_Work to be completed_
Each line from the one containing "This is the pouch" through the last line of the data below should be printed exactly, please, with any pictures omitted.

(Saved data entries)
* * * *

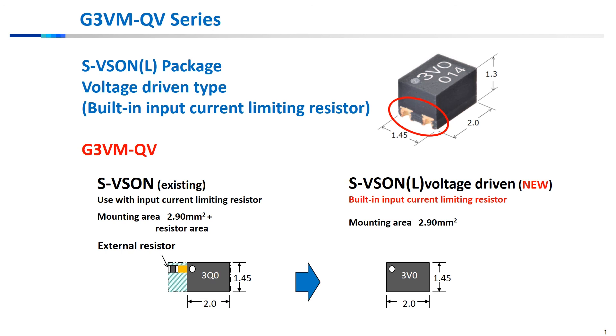This is a new special SVSON-L model that allows voltage driving of the MOSFET. As we saw, this G3VM QV series is nearly the size of a grain of rice, and eliminates the need for an external current limiting resistor typically utilized in driving the MOSFET's LED.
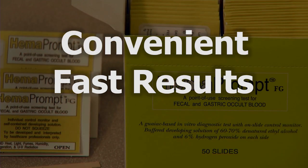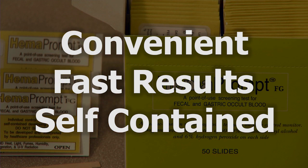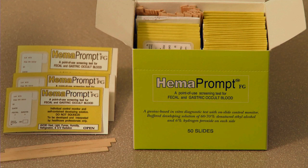Convenient, fast, reliable results. Self-contained developer. That's HemaPrompt FG.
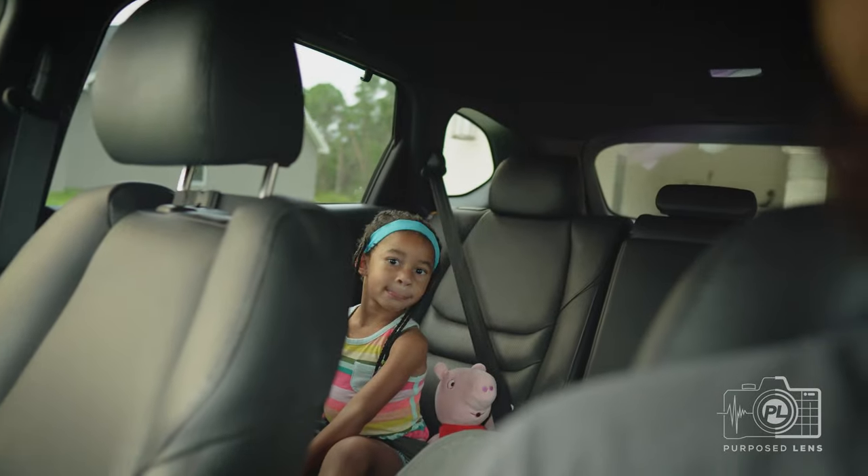You ready to have some fun? Yes! Good. We got to go pick up a couple things and then we will be ready to go. So let's go.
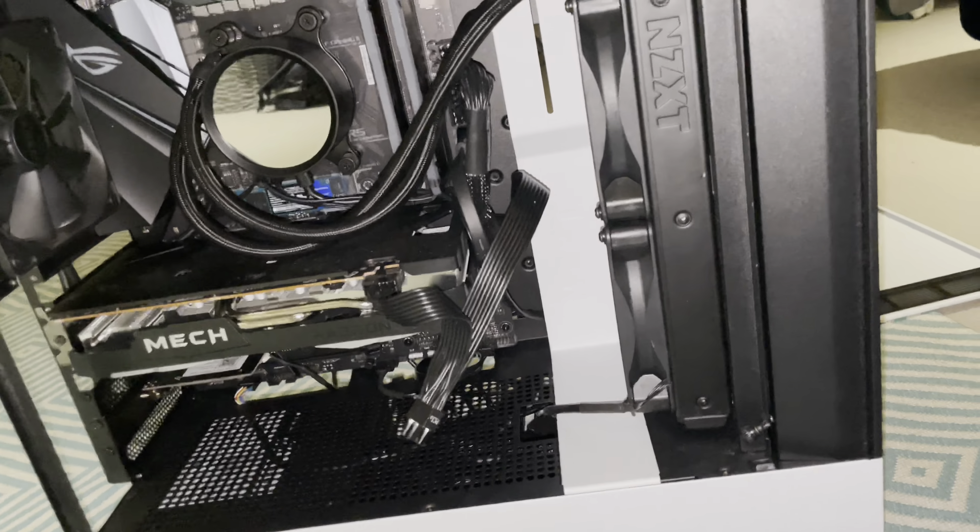So let's get this open. It's open now, I need to just turn off the power supply.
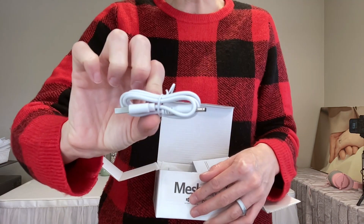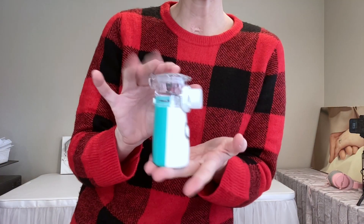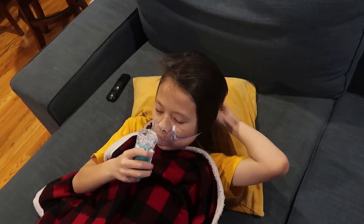It comes with a nice carry pouch, a standard USB charger, the user manual, the teeny tiny lightweight nebulizer, a very soft silicone mouthpiece or nozzle, and two masks — one for adults and one for children. All of which can be used while sitting up or while laying down.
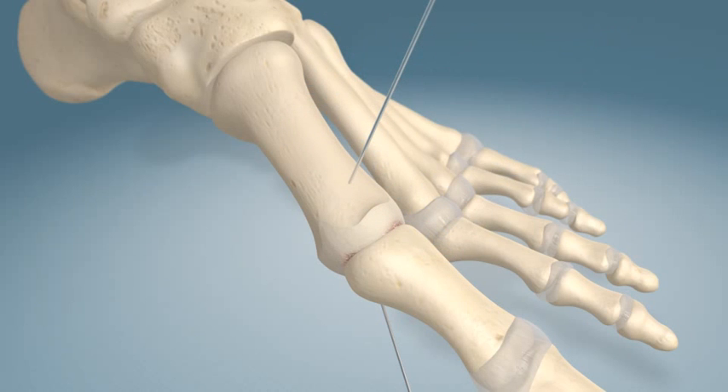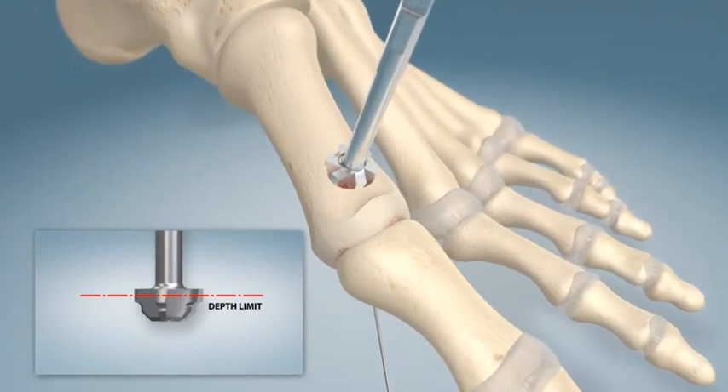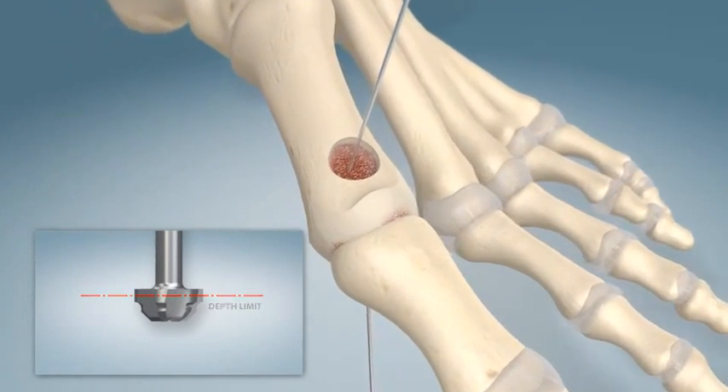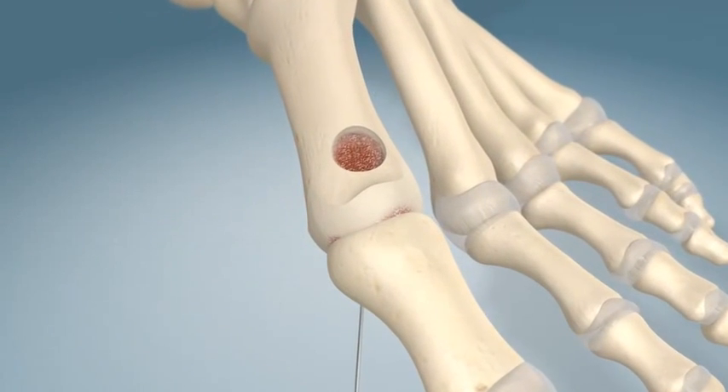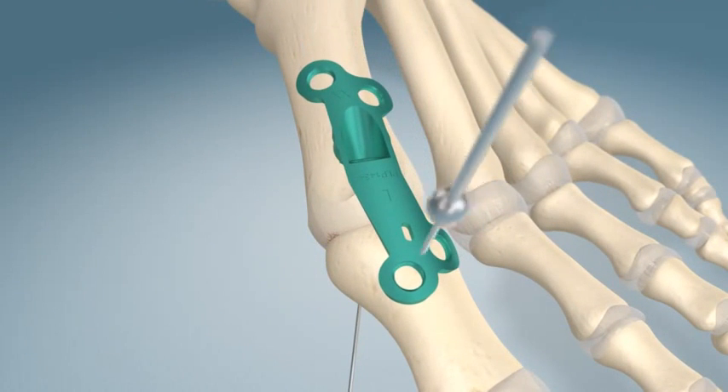Once positioned, the template is removed and the CP reamer is placed over the guide wire and advanced until the appropriate depth limit is achieved. After reaming is complete, the guide wire is removed and the plate is positioned using temporary fixation.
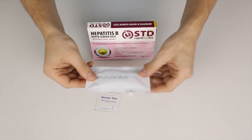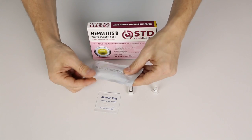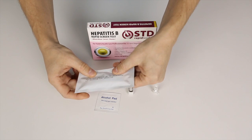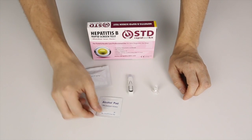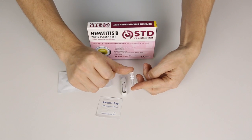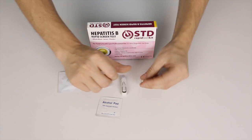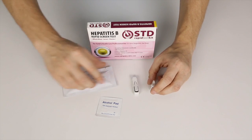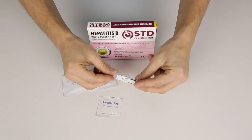This is the pouch containing the test cassette itself — the one showing you the result. It also has a micro pipette inside of it. This is an alcohol prep pad, which is used to sterilise your finger before you carry out the test. This is the dilution liquid — it's the chemical that reacts with your blood and then provides you with the final result. And that's just the lancet. The lancet is the one you use to prick your finger.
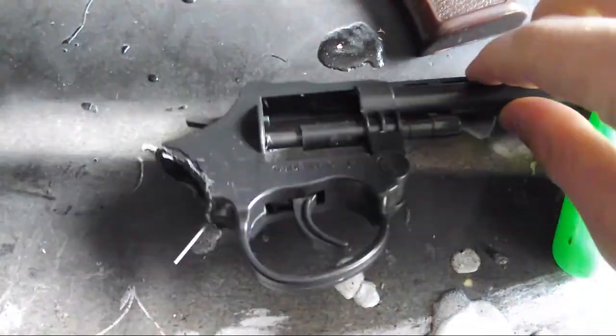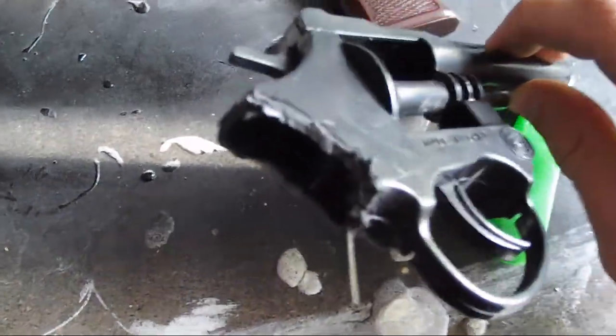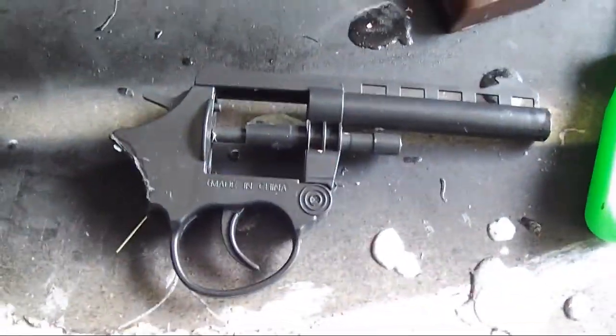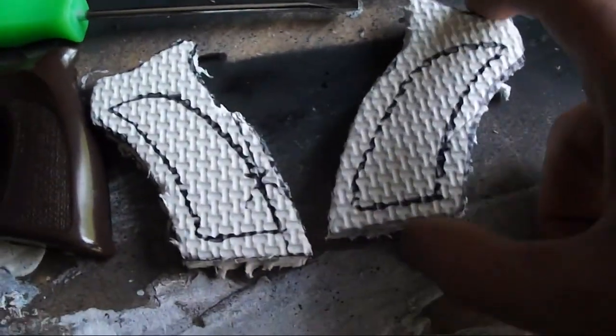Little heads up: the wire that's connected to the hammer and trigger — do not cut that. Whatever you do, do not cut it. I did, and now the gun doesn't work properly for me, so don't cut that wire.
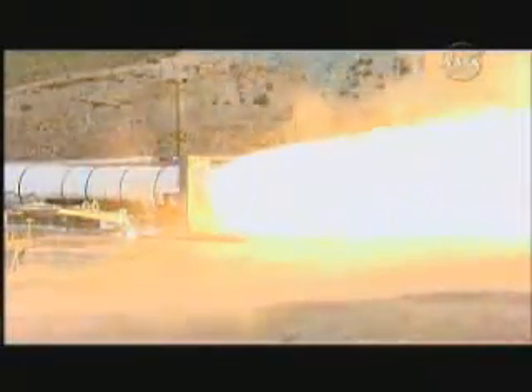We have ignition. Freeze one, first stage, five-segment solid rocket motor. Plus 20. Plus 30. Amazing display of power.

* * * *

_Solution to the problem_
This is the pouch containing the test cassette itself — the one showing you the result. It also has a micro pipette inside of it. This is an alcohol prep pad, which is used to sterilise your finger before you carry out the test. This is the dilution liquid — it's the chemical that reacts with your blood and then provides you with the final result. And that's just the lancet. The lancet is the one you use to prick your finger.
Little heads up: the wire that's connected to the hammer and trigger — do not cut that. Whatever you do, do not cut it. I did, and now the gun doesn't work properly for me, so don't cut that wire.
We have ignition. Freeze one, first stage, five-segment solid rocket motor. Plus 20. Plus 30. Amazing display of power.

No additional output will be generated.